Anyway, here are the Fordham report’s four major findings:
- “Board members, by and large, possess accurate information about their districts and adopt work practices that are generally similar across districts. But there is little consensus about which goals should be central.” The divergence of goals seems to be as wide as the philosophies you can imagine about board members.
- “Districts that are more successful academically have board members who assign high priority to improving student learning.” But which came first — chicken or egg — is hard to tell, they say.
- “Political moderates tend to be more informed than liberals and conservatives when it comes to money matters; educators and former educators are less informed.” Someone could write a whole blog post about this point alone, seeing as how the finding is based on respondents’ self-identification. Another interesting finding is that former educators stand out as being less knowledgeable about a district’s financial matters.

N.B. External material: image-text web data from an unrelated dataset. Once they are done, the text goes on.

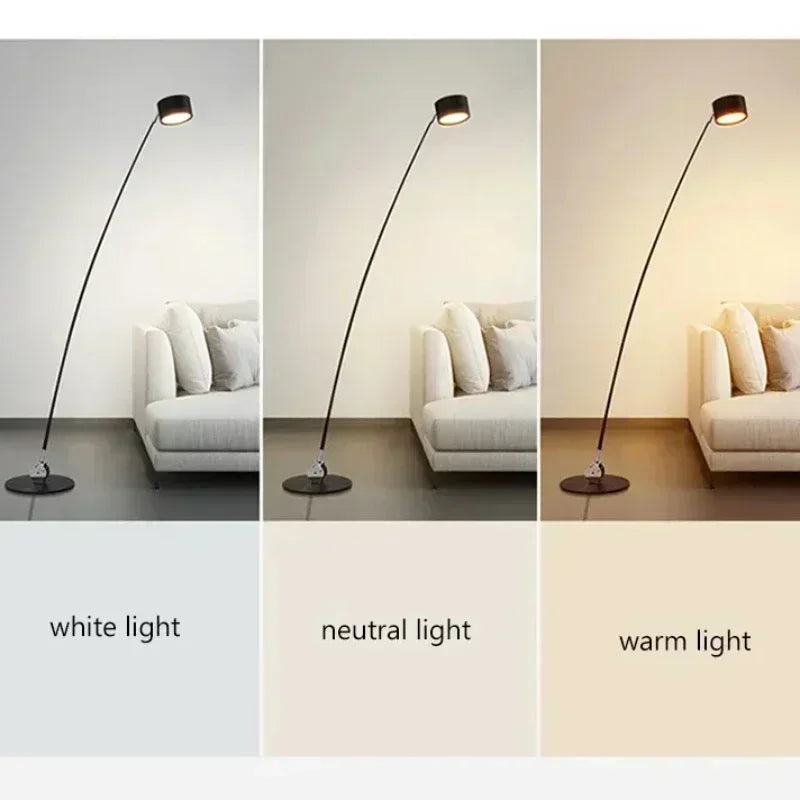 Minimalist Floor Lamp With Long Arm Led Light For Living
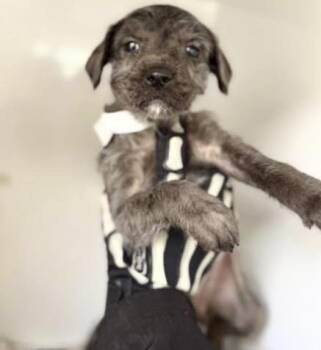 Labrador Retriever Dogs Available for Adoption - A652414 | PetCurious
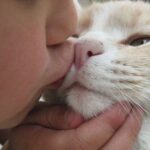 Los riesgos de darle besos en la boca a tu gato.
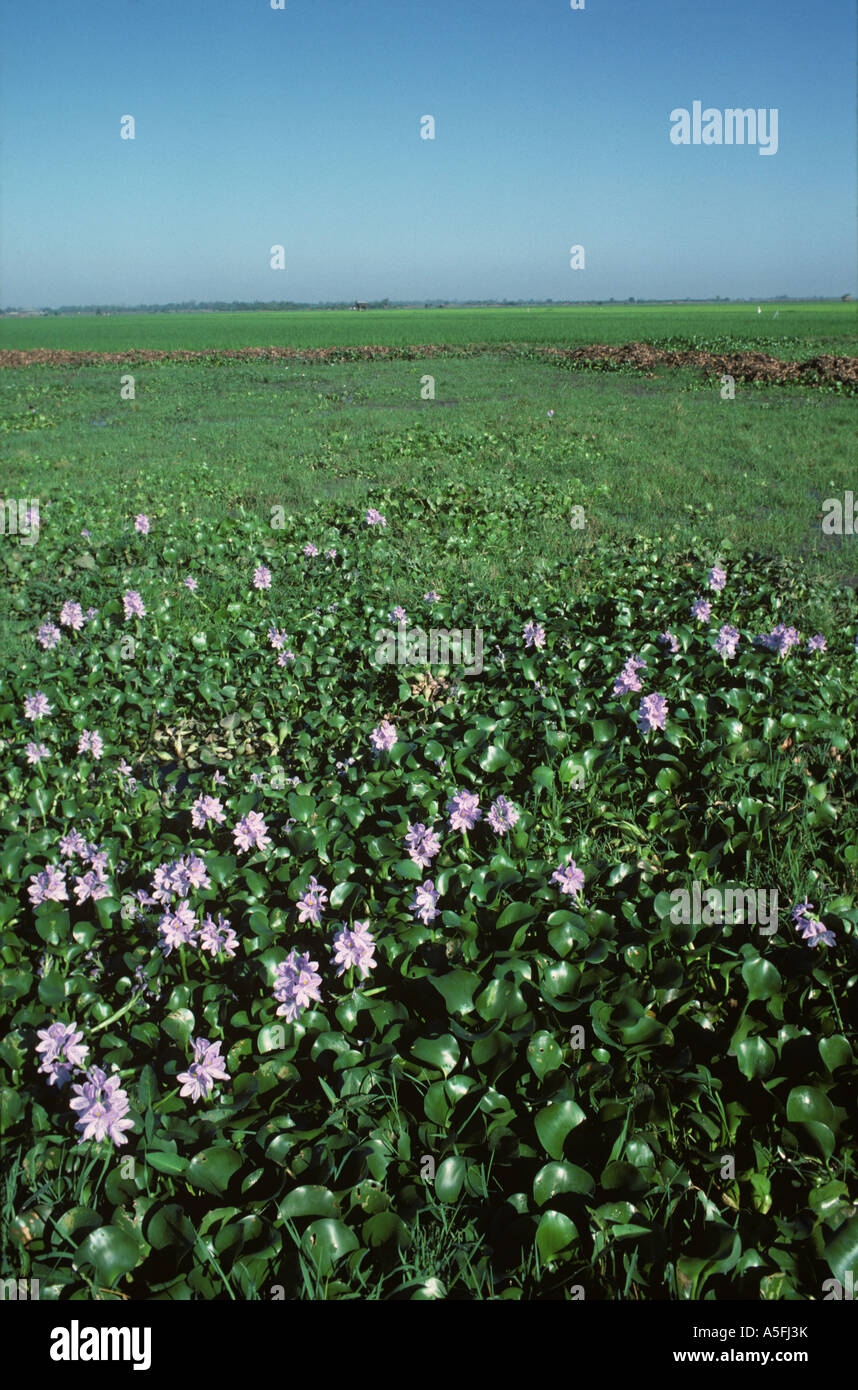 Water hyacinth Eichhornia crassipes flowering in unseeded rice paddy Philippines Stock Photo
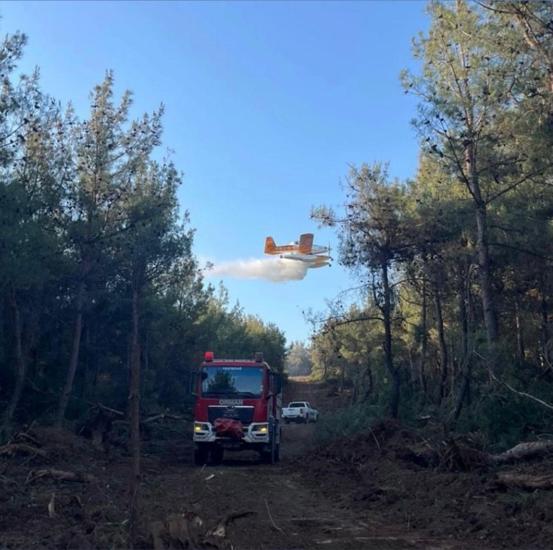 OGM Müdürü Karacabey: Yangınların yüzde 57si orman dışı alanlarda başladı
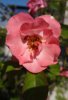 rosa2.jpg rosa2.jpg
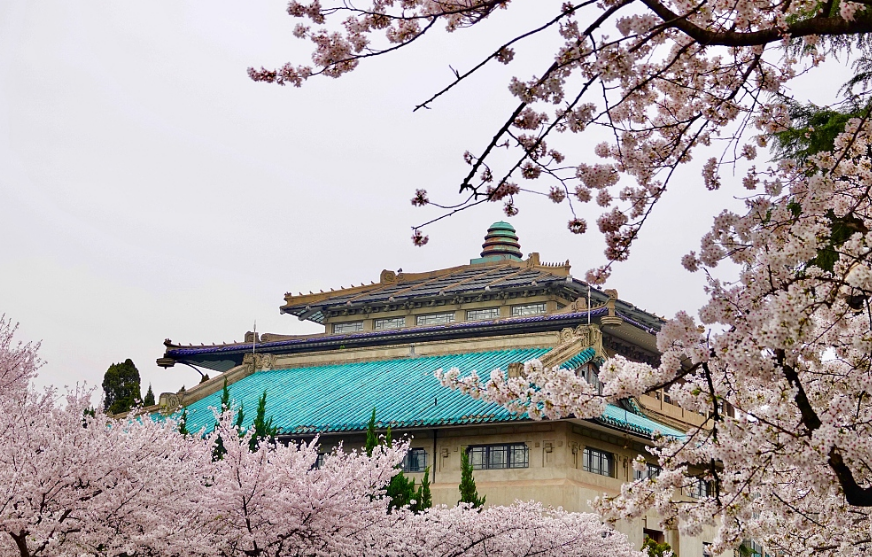 “黄包学姐”后续，文学系女生再发文拒收道歉，谁说书生百无一用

- “At-large, on-cycle elections are associated with districts that beat the odds.” One easy legal change Colorado could make to support the work of reform and ultimately to help students would be to align school board elections with the even year general elections, rather than the current odd-year formulation. According to the Fordham authors, districts also would benefit by selecting their members at large, rather than from different geographic regions (which might help save face for some local unions, too).
For now, I’m still willing to put some hope into choosing the right leaders for Colorado school boards who can focus on improving achievement, sensible use of resources, and trusting even more local decisions whenever possible.